Our empirical experience of human inequality is so overwhelming that we seek some tool of transcendental redress.  The old theology, which held that every human being was created in the image and likeness of God, bestowed upon human beings a radical equality that, in theory, trumped the actual social hierarchy. But that was in theory. The old favorite hymn “All Things Bright and Beautiful” includes a stanza frequently omitted from modern hymnals:

The rich man in his castle,
The poor man at his gate,
He made them, high or lowly,
And ordered their estate.

The theory probably always sounded more plausible to castle- than to gate-dwellers, as is suggested by the distich popular among John Ball’s revolutionaries in the 14th century: “When Adam delved and Eve span, who was then the gentleman?” By the 18th century, American and French revolutionaries chucked the theory entirely. They did not, of course, chuck equality itself — “All men are created equal”, liberté, egalité, and all that — but equality’s basis (human law and politics) was now only semi-transcendent.

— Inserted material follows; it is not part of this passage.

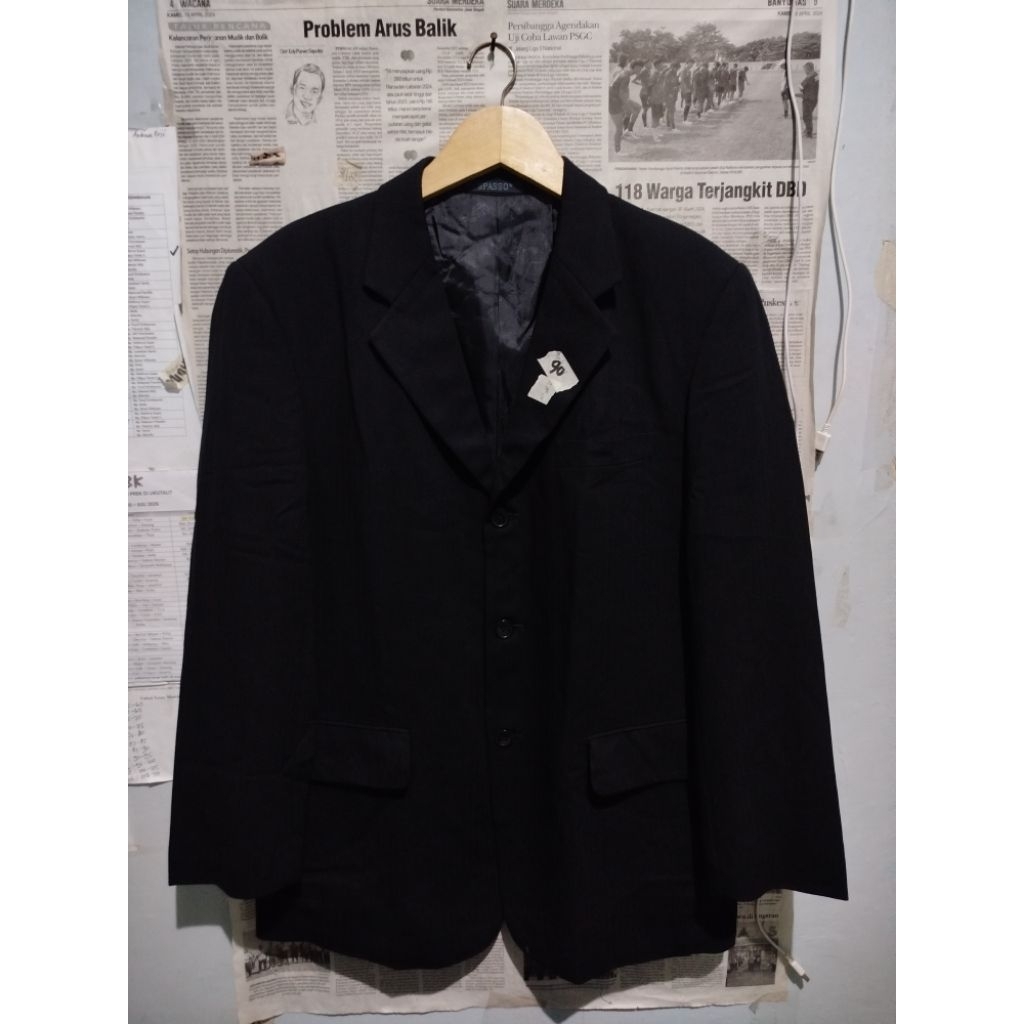 Jas Hitam Pekat Spasso (XL)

Such is the context of the current discussions of economic equality. So great are the disparities in income and wealth accumulation among American citizens that the question now arises as to whether, in terms of practical effect, the newer political theory of equality is any better than the older theological one.

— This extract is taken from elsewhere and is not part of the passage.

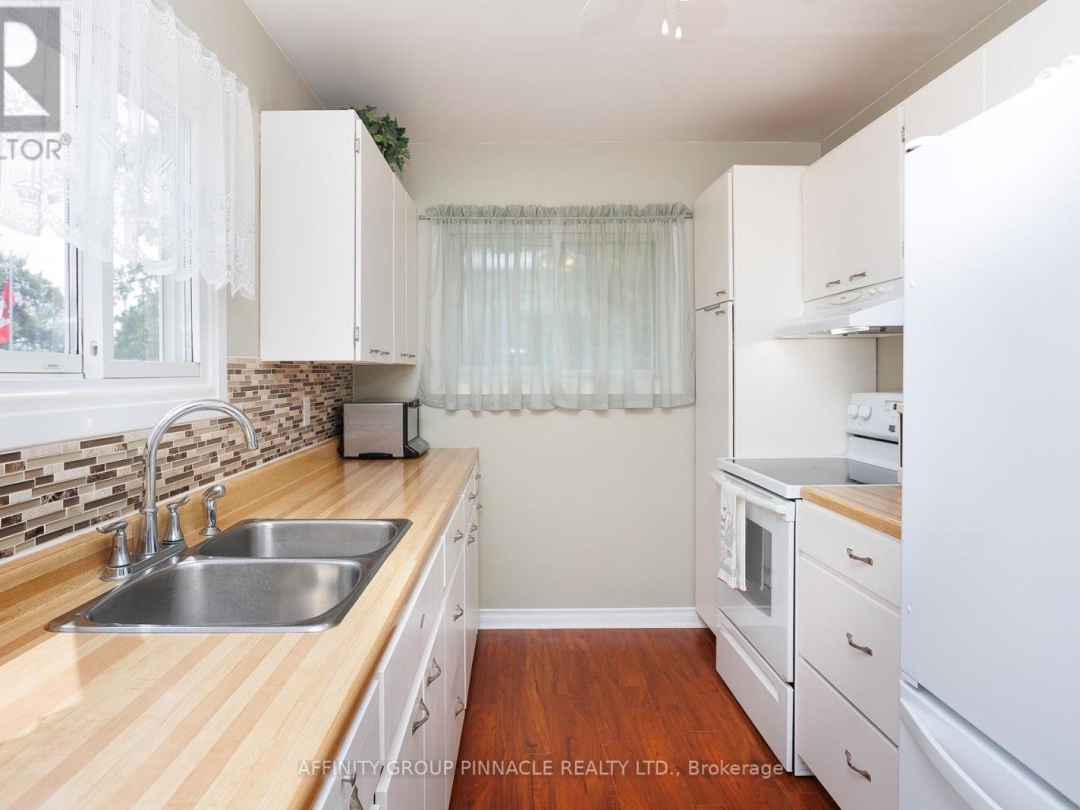 11 LAKEVIEW CRESCENT,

I will not use the term middle class in this essay because I no longer have much idea what it means, but I can, nonetheless, put the matter in personal and anecdotal terms. If my only income were gained from working at a minimum-wage job, eight hours a day, five days a week, 52 weeks a year, I would earn just not quite enough to pay my property taxes on a house valued a little below the Zillow median for the town in which I live — that is, if I didn’t spend a penny of my earnings on anything else.

Surely there are some issues here beyond the exorbitance of my local taxes or the attractions of moving back to Arkansas. One is the “level playing field.” Conservatives like to say that our aim should be to maintain equality of opportunity rather than jigger about in the quixotic pursuit of equality of outcomes. We should aim for a “level playing field.” I have always found the idea a curious one since, if a football field is full of snags and furrows, it is full of snags and furrows for both teams. However, I can use it, at least in a variant form — that of a finely planed and finished chessboard.

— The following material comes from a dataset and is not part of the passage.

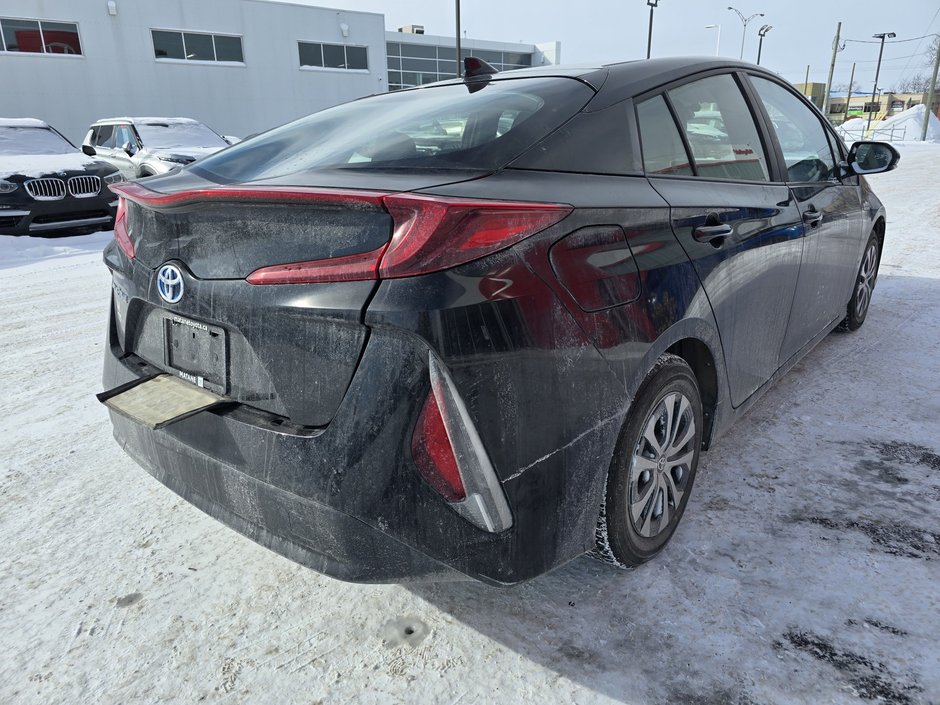 Toyota Prius Prime Upgrade 2021-8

I prefer the chessboard to the football field. It seems that, in the future, jobs with sufficient compensation to allow one to pay one’s taxes are more likely to require a supple intelligence than supple abs. Nothing could be more level, regular, standard, uniform or — if you like — “equal opportunity” than a chessboard. When two players face off against each other across it, they do so in equality. There is no lobbyist on K Street who can arrange a special “economic incentive” or “targeted tax break” that will advantage white with three preliminary moves or black with a couple of extra rooks. Does this fact make any two players equal in terms of the outcome of their match?

To ask the question is to expose its absurdity. The Economist’s cleverly entitled essay on “An hereditary meritocracy” has the following summary heading: “The children of the [American] rich and powerful are increasingly well suited to earning wealth and power themselves. That’s a problem.”

With the aid of a few nifty charts and graphs of the kind at which it excels, The Economist lays out some of the tautologies of social capital linking economic success with quality of education, especially early education, and the effectiveness and stability of family structures. We may want to laugh out loud at the spectacle of the Upper West Side MBA couple sweating their toddler’s application to the “right” playgroup, but when it comes to chess 20 years hence, that kid is likely to have the edge on her contemporary raised by an unmarried high-school dropout and a television set.